• [Your task] Please take the records that follow and repeat exactly the lines starting with the line with "Holzspielerei Knights dagger" and going on through the line with "Toyota Corolla Fielder 2021 Black".

• [Records for the exercise]
▬▬▬▬▬▬

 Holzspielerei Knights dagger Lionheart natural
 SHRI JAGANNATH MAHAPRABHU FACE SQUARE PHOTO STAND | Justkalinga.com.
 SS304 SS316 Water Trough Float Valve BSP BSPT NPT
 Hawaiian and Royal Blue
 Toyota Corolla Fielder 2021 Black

▬▬▬▬▬▬

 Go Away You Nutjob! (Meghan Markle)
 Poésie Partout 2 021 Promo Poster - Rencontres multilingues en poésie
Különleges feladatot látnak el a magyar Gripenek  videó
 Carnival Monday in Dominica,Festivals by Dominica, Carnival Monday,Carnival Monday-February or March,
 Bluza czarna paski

▬▬▬▬▬▬

• [Answer to this problem]
 Holzspielerei Knights dagger Lionheart natural
 SHRI JAGANNATH MAHAPRABHU FACE SQUARE PHOTO STAND | Justkalinga.com.
 SS304 SS316 Water Trough Float Valve BSP BSPT NPT
 Hawaiian and Royal Blue
 Toyota Corolla Fielder 2021 Black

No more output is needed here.